### Task to complete
In the material below, find each line that contains the word "Brown" and copy it.

----- Input

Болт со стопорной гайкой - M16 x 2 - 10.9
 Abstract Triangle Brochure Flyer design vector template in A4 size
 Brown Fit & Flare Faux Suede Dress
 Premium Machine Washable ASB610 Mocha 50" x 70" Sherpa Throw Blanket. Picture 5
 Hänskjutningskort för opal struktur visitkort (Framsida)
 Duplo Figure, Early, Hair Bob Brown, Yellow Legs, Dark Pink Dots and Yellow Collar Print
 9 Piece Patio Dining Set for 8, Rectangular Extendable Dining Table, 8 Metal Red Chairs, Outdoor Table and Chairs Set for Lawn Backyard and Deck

----------

### Solution for this problem
 Brown Fit & Flare Faux Suede Dress
 Duplo Figure, Early, Hair Bob Brown, Yellow Legs, Dark Pink Dots and Yellow Collar Print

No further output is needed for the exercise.